- **Task details**
Lines from the beginning of the data below through the one containing "Үлкенге құрмет көрсету күні!" are to be printed exactly as they appear.

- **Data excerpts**

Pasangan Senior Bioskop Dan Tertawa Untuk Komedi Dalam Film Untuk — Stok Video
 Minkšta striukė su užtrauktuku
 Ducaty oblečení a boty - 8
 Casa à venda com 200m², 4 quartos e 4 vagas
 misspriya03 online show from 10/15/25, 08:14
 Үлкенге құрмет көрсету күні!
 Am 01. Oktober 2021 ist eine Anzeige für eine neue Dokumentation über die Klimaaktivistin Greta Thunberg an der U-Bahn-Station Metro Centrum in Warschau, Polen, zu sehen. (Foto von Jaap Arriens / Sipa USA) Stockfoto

- **Response**
Pasangan Senior Bioskop Dan Tertawa Untuk Komedi Dalam Film Untuk — Stok Video
 Minkšta striukė su užtrauktuku
 Ducaty oblečení a boty - 8
 Casa à venda com 200m², 4 quartos e 4 vagas
 misspriya03 online show from 10/15/25, 08:14
 Үлкенге құрмет көрсету күні!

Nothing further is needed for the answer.